Identifying recommendations to improve therapy-led management of complex regional pain syndrome in England

Background:
Complex Regional Pain Syndrome (CRPS) is a distressing pain condition that can lead to significant burdens for individuals and society. A small number of specialist CRPS-practice services exist, but access is limited; most patients are managed in local hospitals or community settings. In a series of phases, we sought to understand the needs and perspectives of therapy practitioners across the care pathway in England and to identify recommendations to improve therapy-led management of CRPS.

Methods:
In phase 1, we disseminated an e-survey to physiotherapists, occupational therapists and hand therapists across a range of settings. Phase 2 comprised semi-structured interviews with therapists and patients.
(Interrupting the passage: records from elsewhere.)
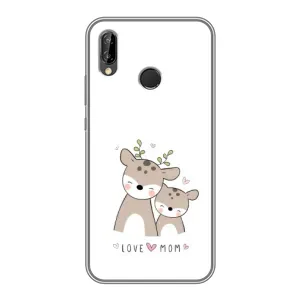 Чохол з принтом «Оленята мама і малюк» для Huawei P Smart 2019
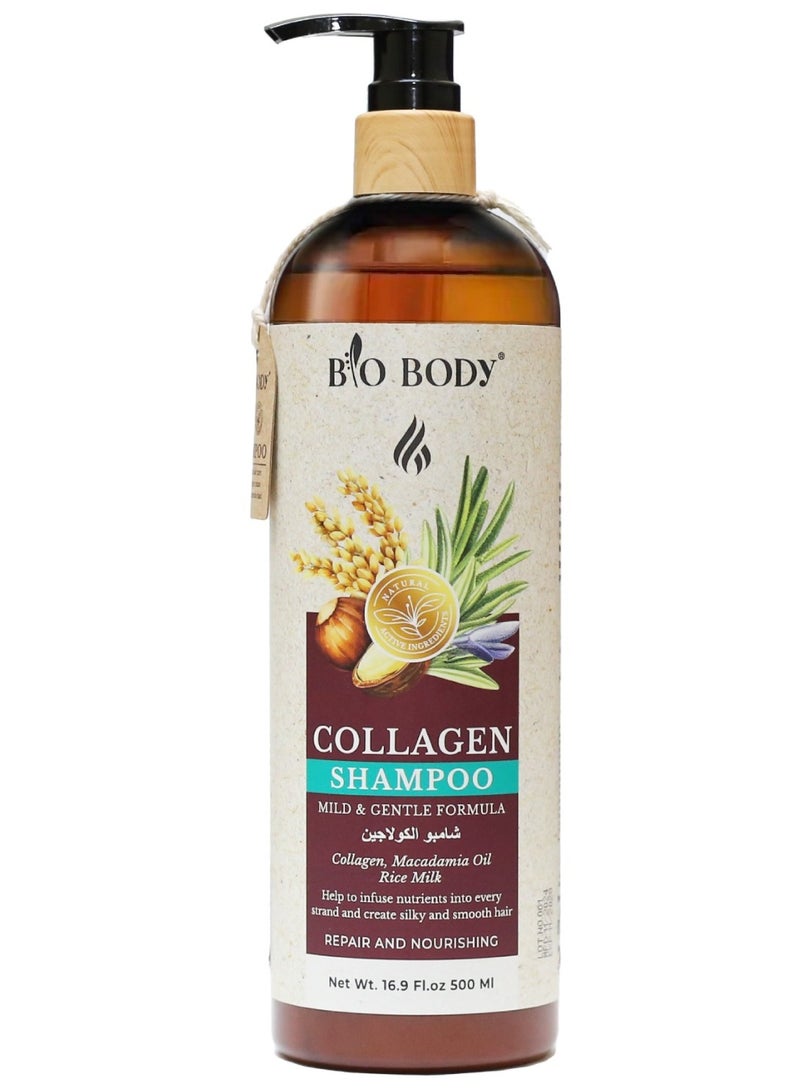 bio-body Collagen Hair Shampoo - Mild & Gentle Formula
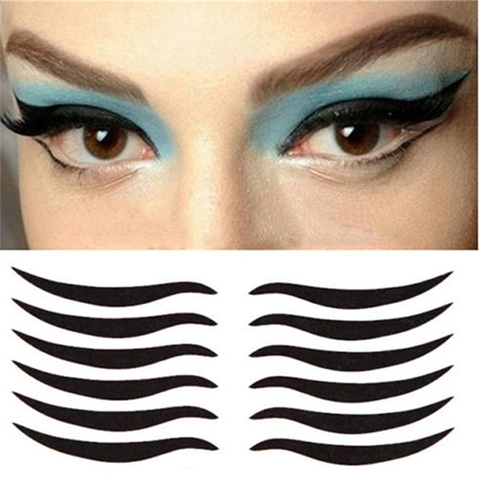 Sexy chat Style yeux autocollant noir Eyeliner bande beauté Eyeliner autocollant oeil cosmétique maquillage outil ► Photo 1/6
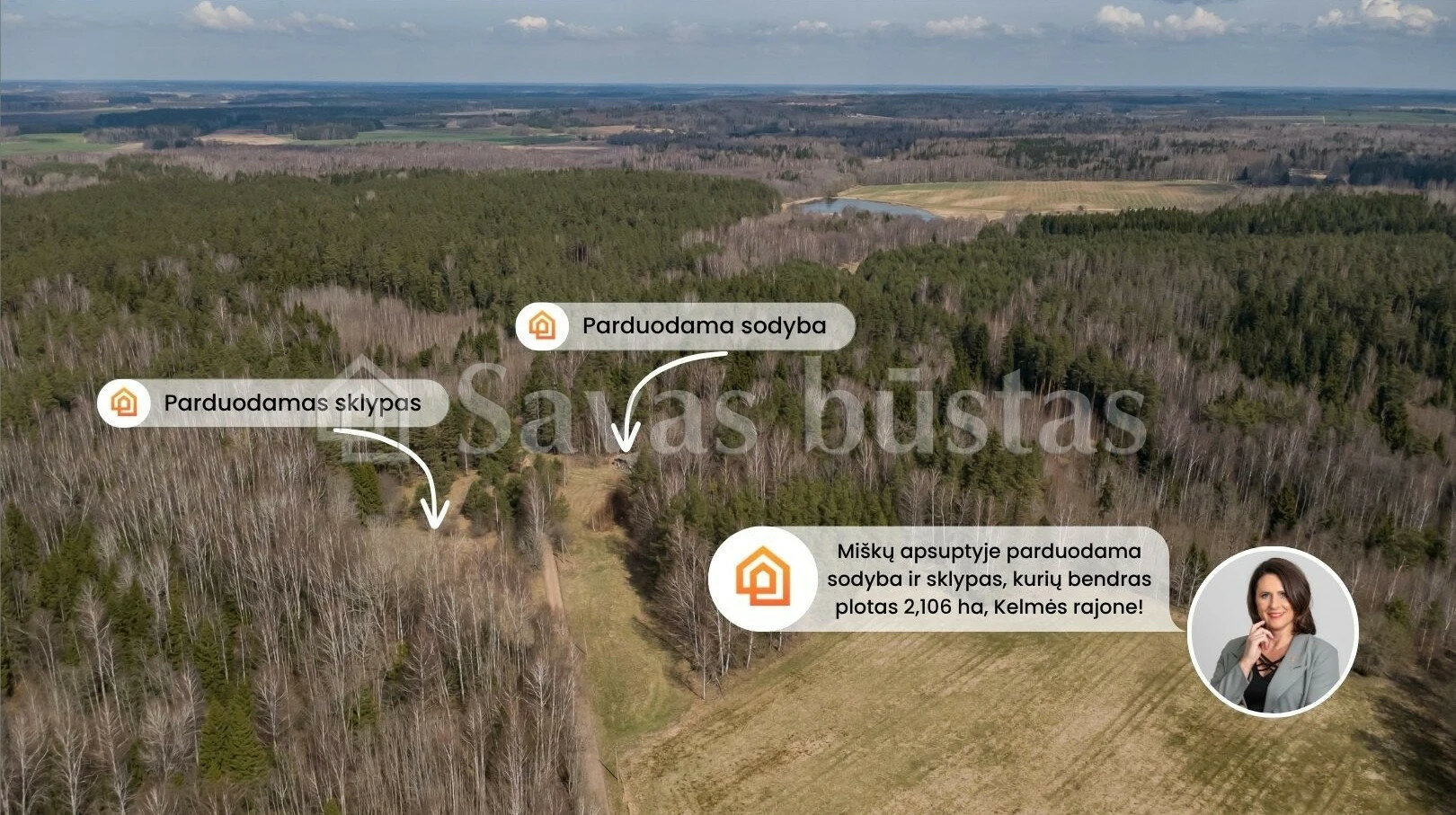 Sodyba Kelmės r. sav., Gudmoniškėje – nuotrauka 1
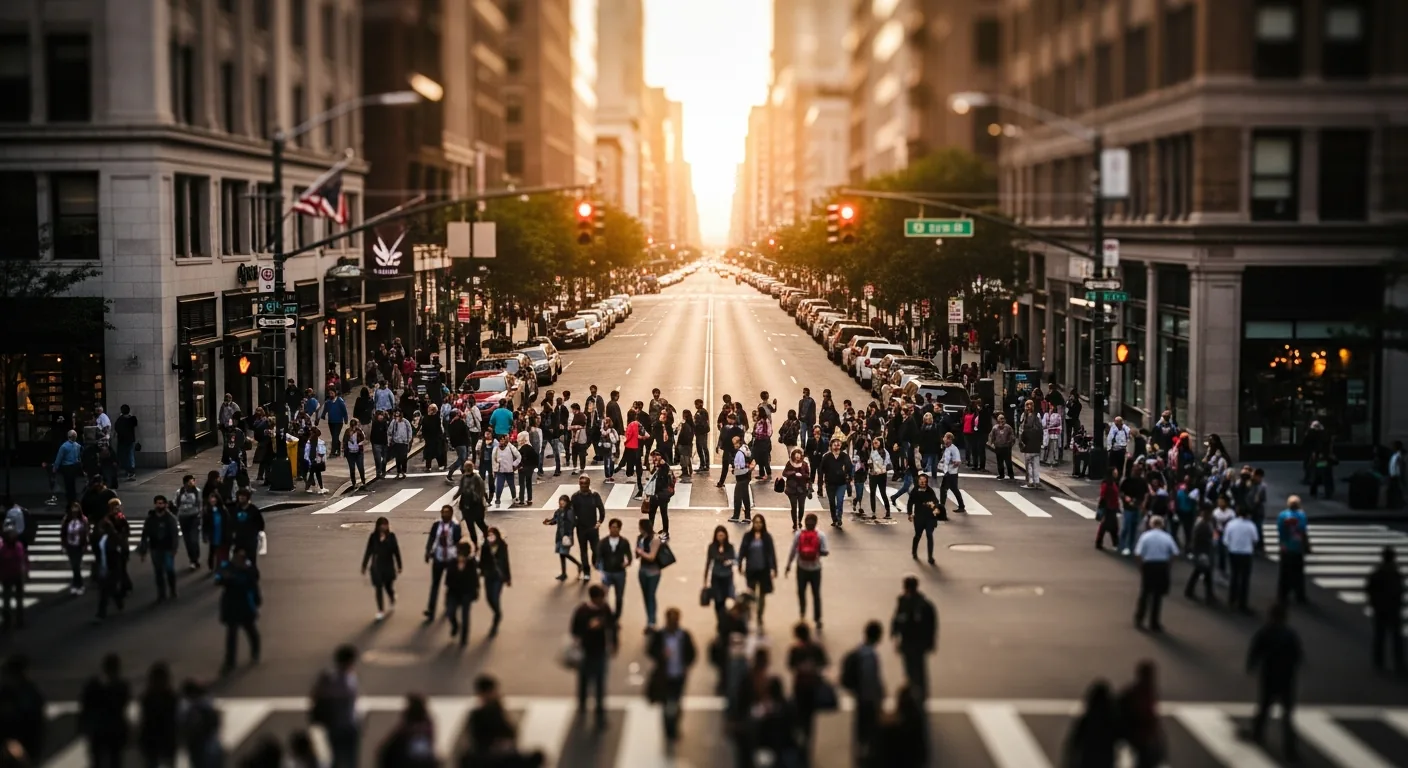 A vibrant American city representing the people Hope4America reaches with the Gospel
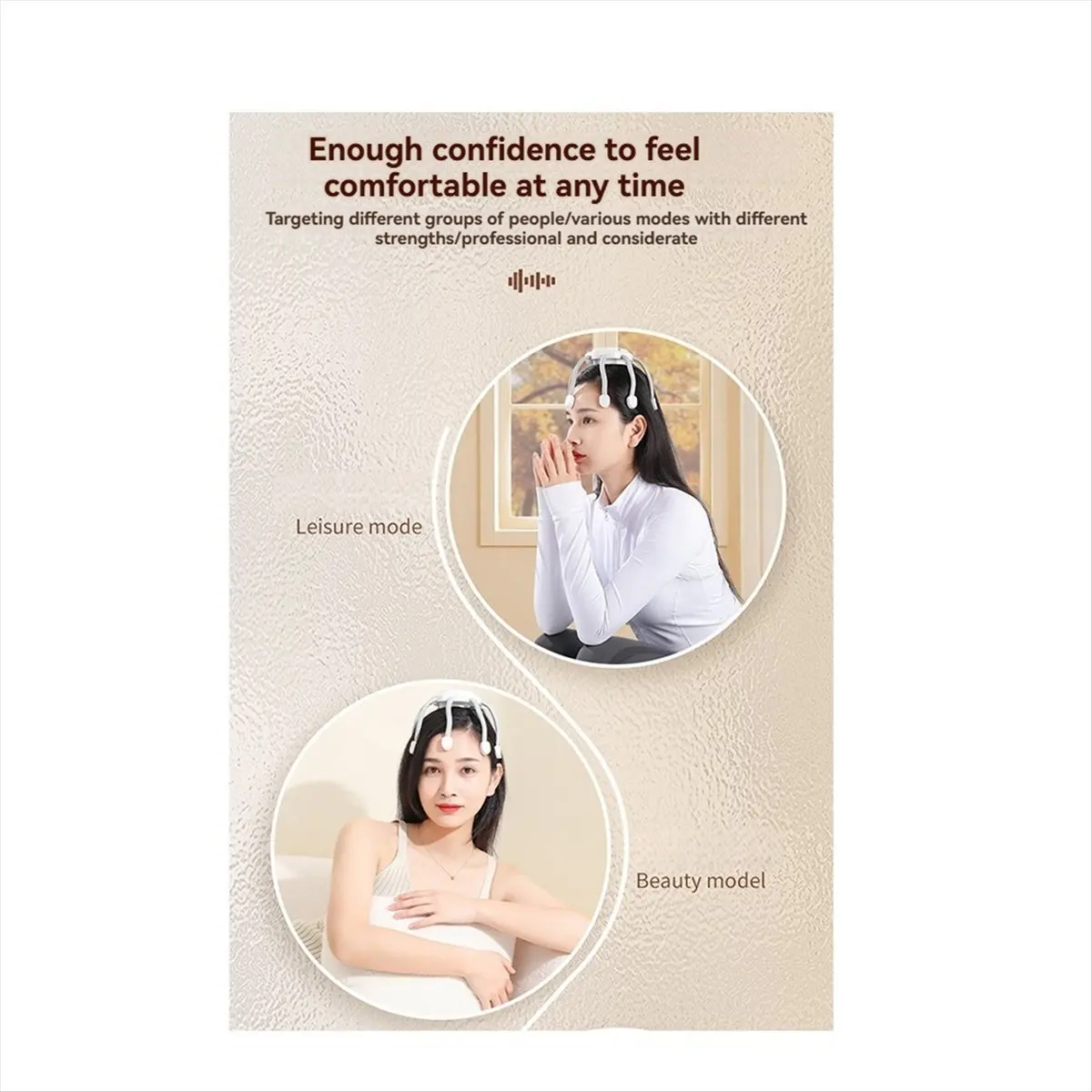 A04V Scalp Massagers 3 Modes 8 Vibrating Contacts Portable Cordless 360 Degree Electric Vibrating Scalp Massagers B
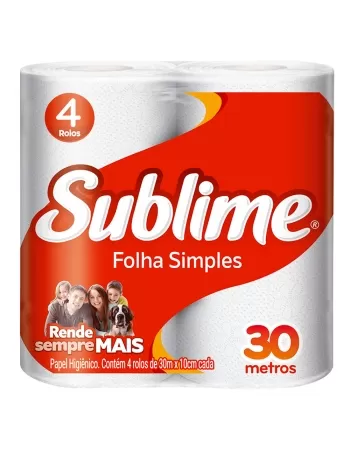 PAPEL HIGIENICO SUBLIME FS 30M - 16X04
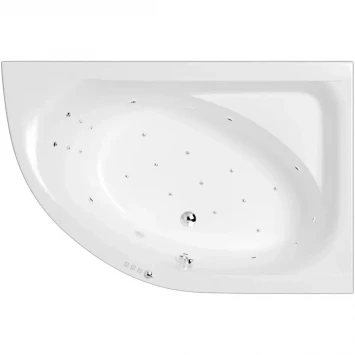 Акриловая ванна Whitecross Aquarella 0109.170110.100.ULTRA.CR 170x110 см R, с гидромассажем, угловая, белый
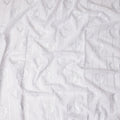 White Leaf Embroidery Cotton Voile Thobe 4.5m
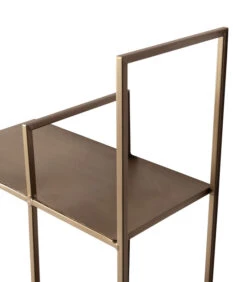 WOOOD Zach Wandkast - Metaal - Antique Grey - 87x91x17 -Huishoudelijke Producten Winkel 526b76d5a5a149119e3a27817a3a7b7a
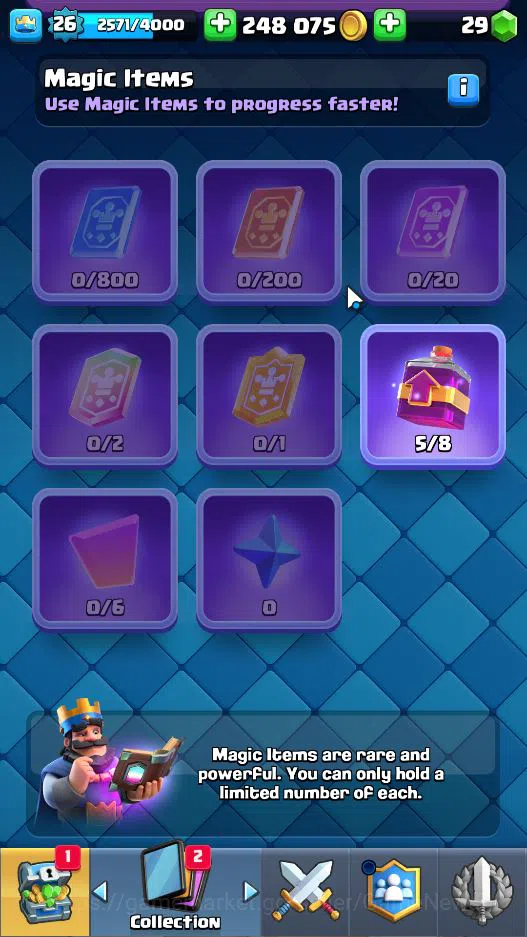 Clash Royale Accounts Lv 26|Trophy 4046|KTL 10|Limited Skin|Card 79|1 HE image 11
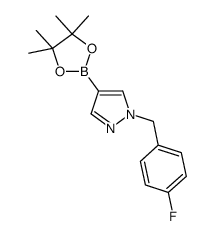 1-(4-fluorobenzyl)-4-(4,4,5,5-tetramethyl-[1,3,2]dioxaborolan-2-yl)-1H-pyrazole Structure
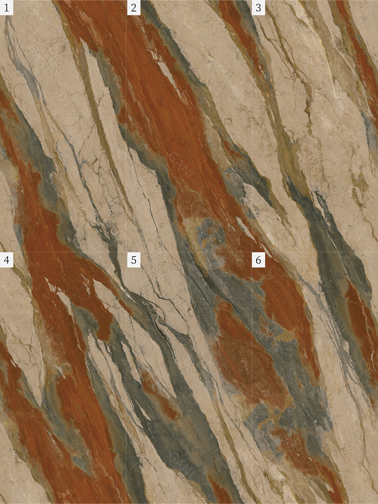 red marble wall tiles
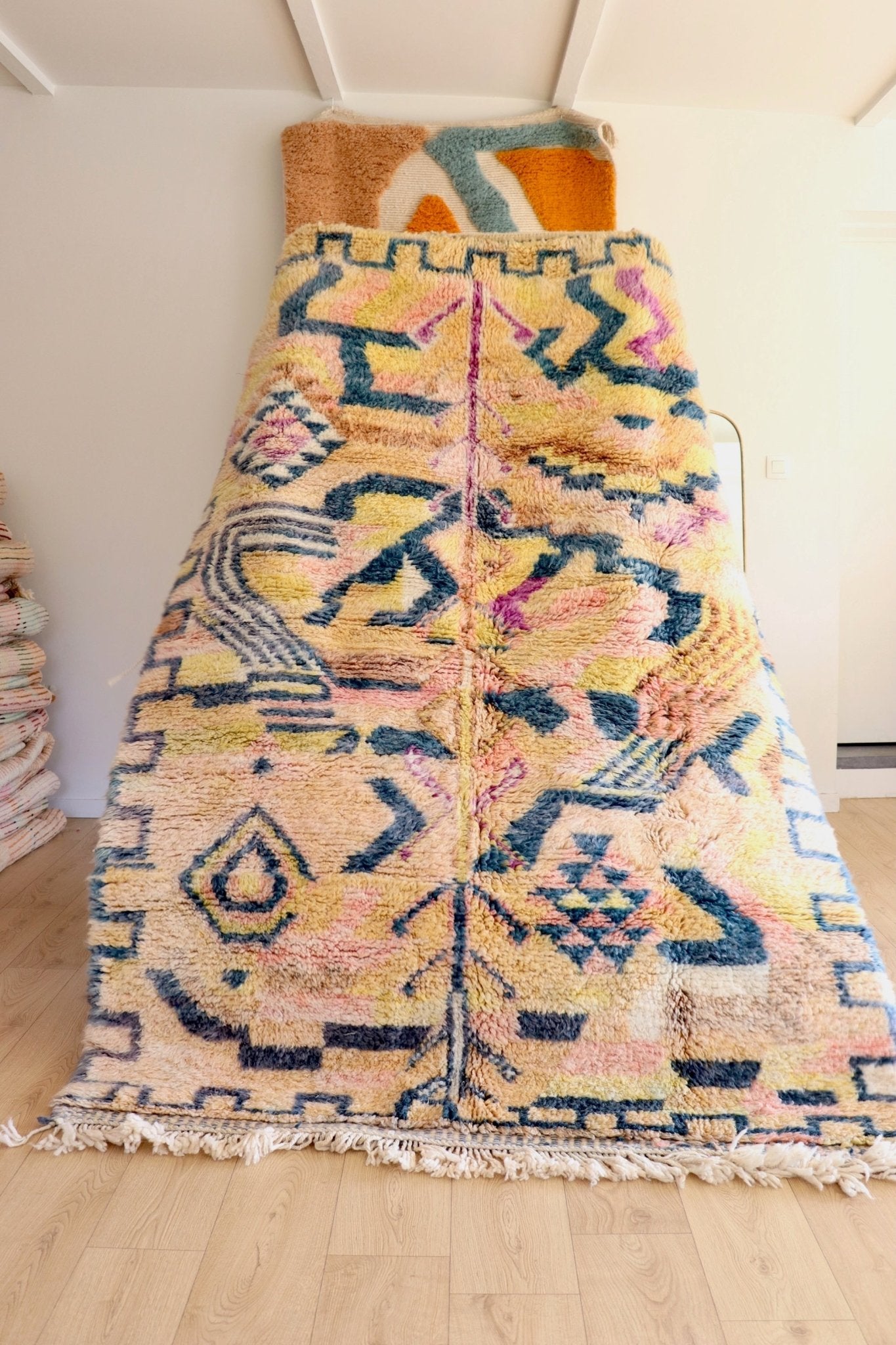 Beni Ouarain Moroccan Colorful Rug (1110) 232x161cm - Benji - Tree of Colors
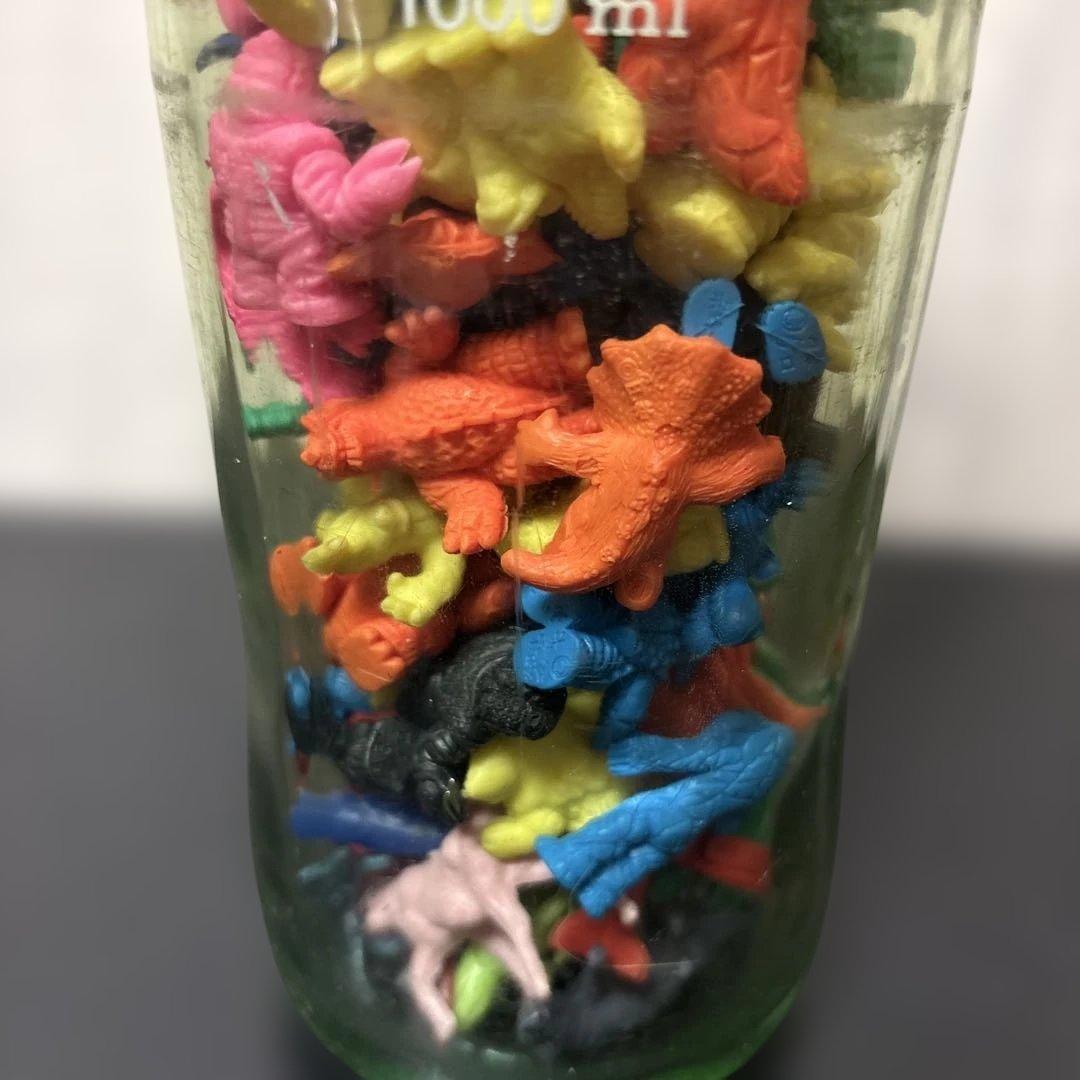 ウルトラ怪獣消しゴム フィギュア コカコーラ1リットル瓶詰め 当時物 昭和レトロ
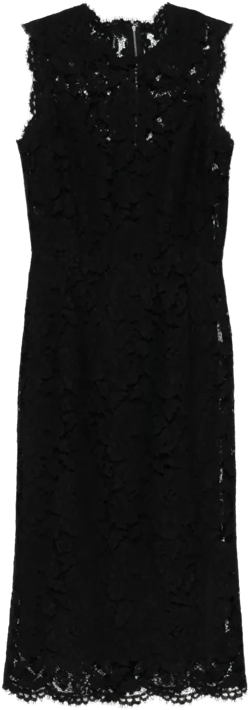floral-lace midi dress
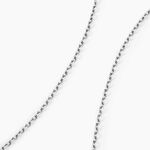 Cha&icirc;ne Claudine Maille For&ccedil;at Argent Blanc - Colliers fantaisie Famille | Marc Orian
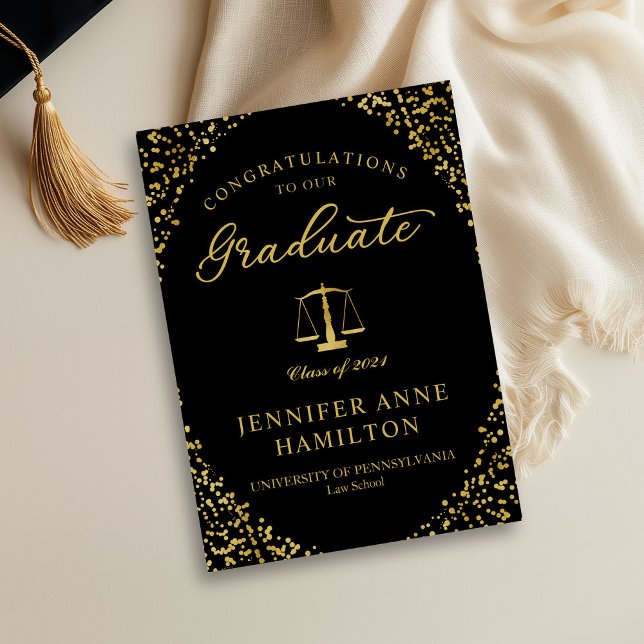Foto de Anúncio de Formatura Elegante na Faculdade (Criador carregado)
Online stakeholder events (phase 3) were convened to review findings and prioritise suggestions to enhance CRPS care.

Results:
Seventy-seven therapists responded to the e-survey and 31 semi-structured interviews were conducted (n = 10 patients, n = 9 therapists from specialist CRPS-practice services, n = 12 therapists from other settings). N = 11 therapists and n = 5 patients participated in the stakeholder events. Findings indicated pathways of care are complex, but similarities exist in therapy approaches across settings, albeit with longer, more frequent appointments in specialist CRPS-practice services. Recommendations to improve CRPS management included: additional education provision for therapists (including better access to CRPS ‘experts’), CRPS education for other clinicians, streamlining of patient pathways, and improving patient information.

Conclusions:
This work highlights opportunities to improve therapy-led care for people living with CRPS. Findings will be valuable in informing UK clinical guidelines and strengthening initiatives to enhance support for therapists.